Task brief
Each entry needs to be copied exactly, with nothing left out.

☆ ☆ ☆ ☆

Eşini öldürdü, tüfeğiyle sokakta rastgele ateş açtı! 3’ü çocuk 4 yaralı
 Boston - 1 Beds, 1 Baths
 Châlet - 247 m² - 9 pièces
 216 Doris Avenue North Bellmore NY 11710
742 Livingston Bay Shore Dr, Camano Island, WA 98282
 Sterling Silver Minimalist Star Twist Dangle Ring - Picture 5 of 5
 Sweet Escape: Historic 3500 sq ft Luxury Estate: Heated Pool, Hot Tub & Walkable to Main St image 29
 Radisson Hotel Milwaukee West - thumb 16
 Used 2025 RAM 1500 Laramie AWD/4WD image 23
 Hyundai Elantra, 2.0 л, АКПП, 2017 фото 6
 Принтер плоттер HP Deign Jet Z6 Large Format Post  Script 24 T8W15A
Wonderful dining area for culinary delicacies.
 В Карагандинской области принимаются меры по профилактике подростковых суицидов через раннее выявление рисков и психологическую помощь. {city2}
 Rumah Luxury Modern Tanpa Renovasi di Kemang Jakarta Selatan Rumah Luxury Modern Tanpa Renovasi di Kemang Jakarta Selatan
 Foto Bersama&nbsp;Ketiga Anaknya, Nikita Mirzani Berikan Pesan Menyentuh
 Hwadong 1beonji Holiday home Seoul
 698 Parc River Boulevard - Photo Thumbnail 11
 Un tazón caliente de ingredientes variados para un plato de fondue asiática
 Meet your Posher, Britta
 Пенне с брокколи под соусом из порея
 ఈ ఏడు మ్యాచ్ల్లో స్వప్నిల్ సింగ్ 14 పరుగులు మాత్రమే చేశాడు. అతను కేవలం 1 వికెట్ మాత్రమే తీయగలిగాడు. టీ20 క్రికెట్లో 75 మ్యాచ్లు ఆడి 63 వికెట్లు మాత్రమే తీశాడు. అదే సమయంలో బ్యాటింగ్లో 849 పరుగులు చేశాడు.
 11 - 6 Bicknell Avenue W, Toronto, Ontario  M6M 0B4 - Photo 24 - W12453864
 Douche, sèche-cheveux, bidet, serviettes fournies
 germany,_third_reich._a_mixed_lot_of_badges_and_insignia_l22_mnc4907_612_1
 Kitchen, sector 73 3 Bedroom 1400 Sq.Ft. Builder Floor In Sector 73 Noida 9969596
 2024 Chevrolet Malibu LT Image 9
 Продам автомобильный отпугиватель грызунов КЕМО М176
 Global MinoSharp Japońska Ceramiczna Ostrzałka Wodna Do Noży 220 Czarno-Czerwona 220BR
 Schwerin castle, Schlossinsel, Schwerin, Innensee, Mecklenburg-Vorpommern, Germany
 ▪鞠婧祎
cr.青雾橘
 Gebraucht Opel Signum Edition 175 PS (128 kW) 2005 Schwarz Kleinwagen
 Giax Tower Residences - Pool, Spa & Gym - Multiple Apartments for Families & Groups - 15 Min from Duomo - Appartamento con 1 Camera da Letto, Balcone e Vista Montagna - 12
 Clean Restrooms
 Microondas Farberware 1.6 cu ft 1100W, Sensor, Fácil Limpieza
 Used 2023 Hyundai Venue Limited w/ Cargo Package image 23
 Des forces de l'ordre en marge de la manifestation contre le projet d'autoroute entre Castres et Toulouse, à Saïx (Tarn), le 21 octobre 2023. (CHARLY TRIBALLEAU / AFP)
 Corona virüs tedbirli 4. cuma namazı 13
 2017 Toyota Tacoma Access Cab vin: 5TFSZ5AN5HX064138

☆ ☆ ☆ ☆

Result of this exercise
Eşini öldürdü, tüfeğiyle sokakta rastgele ateş açtı! 3’ü çocuk 4 yaralı
 Boston - 1 Beds, 1 Baths
 Châlet - 247 m² - 9 pièces
 216 Doris Avenue North Bellmore NY 11710
742 Livingston Bay Shore Dr, Camano Island, WA 98282
 Sterling Silver Minimalist Star Twist Dangle Ring - Picture 5 of 5
 Sweet Escape: Historic 3500 sq ft Luxury Estate: Heated Pool, Hot Tub & Walkable to Main St image 29
 Radisson Hotel Milwaukee West - thumb 16
 Used 2025 RAM 1500 Laramie AWD/4WD image 23
 Hyundai Elantra, 2.0 л, АКПП, 2017 фото 6
 Принтер плоттер HP Deign Jet Z6 Large Format Post  Script 24 T8W15A
Wonderful dining area for culinary delicacies.
 В Карагандинской области принимаются меры по профилактике подростковых суицидов через раннее выявление рисков и психологическую помощь. {city2}
 Rumah Luxury Modern Tanpa Renovasi di Kemang Jakarta Selatan Rumah Luxury Modern Tanpa Renovasi di Kemang Jakarta Selatan
 Foto Bersama&nbsp;Ketiga Anaknya, Nikita Mirzani Berikan Pesan Menyentuh
 Hwadong 1beonji Holiday home Seoul
 698 Parc River Boulevard - Photo Thumbnail 11
 Un tazón caliente de ingredientes variados para un plato de fondue asiática
 Meet your Posher, Britta
 Пенне с брокколи под соусом из порея
 ఈ ఏడు మ్యాచ్ల్లో స్వప్నిల్ సింగ్ 14 పరుగులు మాత్రమే చేశాడు. అతను కేవలం 1 వికెట్ మాత్రమే తీయగలిగాడు. టీ20 క్రికెట్లో 75 మ్యాచ్లు ఆడి 63 వికెట్లు మాత్రమే తీశాడు. అదే సమయంలో బ్యాటింగ్లో 849 పరుగులు చేశాడు.
 11 - 6 Bicknell Avenue W, Toronto, Ontario  M6M 0B4 - Photo 24 - W12453864
 Douche, sèche-cheveux, bidet, serviettes fournies
 germany,_third_reich._a_mixed_lot_of_badges_and_insignia_l22_mnc4907_612_1
 Kitchen, sector 73 3 Bedroom 1400 Sq.Ft. Builder Floor In Sector 73 Noida 9969596
 2024 Chevrolet Malibu LT Image 9
 Продам автомобильный отпугиватель грызунов КЕМО М176
 Global MinoSharp Japońska Ceramiczna Ostrzałka Wodna Do Noży 220 Czarno-Czerwona 220BR
 Schwerin castle, Schlossinsel, Schwerin, Innensee, Mecklenburg-Vorpommern, Germany
 ▪鞠婧祎
cr.青雾橘
 Gebraucht Opel Signum Edition 175 PS (128 kW) 2005 Schwarz Kleinwagen
 Giax Tower Residences - Pool, Spa & Gym - Multiple Apartments for Families & Groups - 15 Min from Duomo - Appartamento con 1 Camera da Letto, Balcone e Vista Montagna - 12
 Clean Restrooms
 Microondas Farberware 1.6 cu ft 1100W, Sensor, Fácil Limpieza
 Used 2023 Hyundai Venue Limited w/ Cargo Package image 23
 Des forces de l'ordre en marge de la manifestation contre le projet d'autoroute entre Castres et Toulouse, à Saïx (Tarn), le 21 octobre 2023. (CHARLY TRIBALLEAU / AFP)
 Corona virüs tedbirli 4. cuma namazı 13
 2017 Toyota Tacoma Access Cab vin: 5TFSZ5AN5HX064138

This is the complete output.